Autre ligne de force des recommandations de Mario Draghi, il appelle à des investissements massifs, de l’ordre de 700 à 800 milliards d’euros par an (près de 5 % du PIB de l’UE). Les secteurs prioritaires pour injecter ces fonds sont détaillés dans la seconde partie du rapport : l’énergie, les matériaux critiques, la digitalisation et les technologies avancées, les réseaux haut débit, l’informatique et l’IA, les semi-conducteurs, les industries énergivores, les technologies vertes, l’automobile, la défense, l’espace, l’industrie pharmaceutique, les transports.
Il appelle aussi à plus d’Europe dans les politique transversale (marché unique à unifier, politique industrielle commune, unification des marchés financier, prêts communs, facilité de financement export commune…) et moins de pesanteurs bureaucratiques et réglementaires pour les entreprises et investisseurs privés.
« Si l’Europe ne parvient pas à devenir plus productive, nous serons contraints de faire des choix, martèle Mario Draghi. Nous ne pourrons pas devenir à la fois un leader des nouvelles technologies, un modèle de responsabilité climatique et un acteur indépendant sur la scène mondiale. Nous ne pourrons pas financer notre modèle social. Nous devrons revoir à la baisse certaines, voire toutes nos ambitions ».

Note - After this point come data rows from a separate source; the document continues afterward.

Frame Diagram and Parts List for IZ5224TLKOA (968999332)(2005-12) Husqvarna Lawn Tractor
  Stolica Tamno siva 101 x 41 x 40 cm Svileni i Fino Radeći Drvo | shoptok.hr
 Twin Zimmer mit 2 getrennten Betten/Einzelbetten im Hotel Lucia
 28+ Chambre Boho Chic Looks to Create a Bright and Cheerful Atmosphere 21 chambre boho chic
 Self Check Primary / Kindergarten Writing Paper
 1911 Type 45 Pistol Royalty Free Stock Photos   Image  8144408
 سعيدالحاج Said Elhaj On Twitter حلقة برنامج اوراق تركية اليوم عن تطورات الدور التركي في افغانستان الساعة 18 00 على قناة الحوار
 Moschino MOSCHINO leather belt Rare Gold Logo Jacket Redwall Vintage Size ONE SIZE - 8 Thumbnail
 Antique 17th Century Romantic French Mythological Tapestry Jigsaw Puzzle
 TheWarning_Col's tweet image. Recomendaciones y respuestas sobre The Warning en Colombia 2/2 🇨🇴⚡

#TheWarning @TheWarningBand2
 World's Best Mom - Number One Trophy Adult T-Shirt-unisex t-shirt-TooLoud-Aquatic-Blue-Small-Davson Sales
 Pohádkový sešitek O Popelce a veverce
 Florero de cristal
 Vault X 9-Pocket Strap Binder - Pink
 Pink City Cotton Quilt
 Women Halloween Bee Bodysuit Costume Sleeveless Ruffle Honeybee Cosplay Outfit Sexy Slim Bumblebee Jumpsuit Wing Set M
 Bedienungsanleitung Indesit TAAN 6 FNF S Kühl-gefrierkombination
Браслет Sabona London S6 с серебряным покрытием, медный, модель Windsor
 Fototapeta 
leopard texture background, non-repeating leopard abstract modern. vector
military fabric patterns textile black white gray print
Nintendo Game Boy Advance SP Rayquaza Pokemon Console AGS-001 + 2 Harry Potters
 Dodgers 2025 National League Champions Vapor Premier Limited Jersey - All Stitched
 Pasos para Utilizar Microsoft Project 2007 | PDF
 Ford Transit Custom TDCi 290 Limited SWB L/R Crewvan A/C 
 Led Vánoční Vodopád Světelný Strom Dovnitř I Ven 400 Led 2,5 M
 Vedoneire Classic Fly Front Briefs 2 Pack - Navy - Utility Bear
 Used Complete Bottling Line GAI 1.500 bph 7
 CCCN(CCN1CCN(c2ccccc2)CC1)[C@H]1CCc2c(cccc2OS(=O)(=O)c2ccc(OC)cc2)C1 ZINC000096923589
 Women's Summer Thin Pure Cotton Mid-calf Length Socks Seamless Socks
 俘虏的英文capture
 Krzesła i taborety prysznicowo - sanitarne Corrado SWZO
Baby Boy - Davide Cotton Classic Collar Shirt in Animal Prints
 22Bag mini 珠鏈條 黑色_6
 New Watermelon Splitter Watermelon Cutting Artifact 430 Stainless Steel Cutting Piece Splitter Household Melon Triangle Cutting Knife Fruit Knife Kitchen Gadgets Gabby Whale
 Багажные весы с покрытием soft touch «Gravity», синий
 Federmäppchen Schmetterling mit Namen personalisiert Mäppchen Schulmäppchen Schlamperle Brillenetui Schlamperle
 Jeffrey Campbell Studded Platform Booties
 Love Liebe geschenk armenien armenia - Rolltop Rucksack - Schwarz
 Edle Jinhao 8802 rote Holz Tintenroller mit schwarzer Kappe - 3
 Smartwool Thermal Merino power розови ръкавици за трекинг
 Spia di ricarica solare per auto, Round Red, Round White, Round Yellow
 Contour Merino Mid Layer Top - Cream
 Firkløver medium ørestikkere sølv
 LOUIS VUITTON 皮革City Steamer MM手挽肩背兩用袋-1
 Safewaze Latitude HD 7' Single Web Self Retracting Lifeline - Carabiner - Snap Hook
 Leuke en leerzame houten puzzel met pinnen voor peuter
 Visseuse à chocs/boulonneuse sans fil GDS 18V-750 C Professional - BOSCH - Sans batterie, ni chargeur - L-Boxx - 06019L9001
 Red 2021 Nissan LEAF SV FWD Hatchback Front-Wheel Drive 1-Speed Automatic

Consulter le rapport Draghi en ligne
Largement commenté par la presse économique, difficile de résumer ce monumental document, composé d’une première partie consacrée à l’état des lieux et le diagnostic et la seconde partie aux recommandations : on en compte près de 170, rangées par politiques sectorielles et transversales. Des versions Pdf en anglais des deux parties du rapport sont téléchargeables sur le site de la Commission européenne : cliquez ICI
Quoiqu’il en soit, le rapport fait mouche dans les milieux d’affaires français. « Notre travail est reconnu et ce rapport reprend pour grande partie nos 30 propositions présentées dans le cadre de la campagne des européennes, s’est félicité Fabrice Le Saché, vice-président et porte-parole du Medef, dans un post sur son compte Linkedin dès le 9 septembre. Parmi quelques exemples significatifs : la nomination d’un Vice-Président de la Commission à la simplification, la création d’une agence européenne pour l’innovation de rupture, sur le modèle de la DARPA américaine ou encore la création d’un statut « d’entreprise européenne innovante », un test PME renforcé, un choc d’investissement annuel (en l’espèce 800 Mds EUR proposés, ce qui correspond à 4,4-4,7 % du PIB de l’UE en 2023. Cet effort est majeur : il représenterait deux fois plus que les investissements réalisés dans le cadre du plan Marshall de 1948 à 1952) ».
Si le diagnostic est largement partagé, avec les exemples récents des retards pris par l’UE face à la Chine dans les panneaux solaires ou les batteries, pas sûr que toutes les recommandations du rapport Draghi soient suivies d’effet. Déjà, l’Allemagne a rappelé, par la voix de son Chancelier Olaf Scholz, sa réticence à l’idée d’amplifier l’endettement commun. Mais sans aucun doute il fera référence et devrait nourrir les réflexions sur les politiques communes et inspirer certaines orientations d’action du nouvel exécutif européen.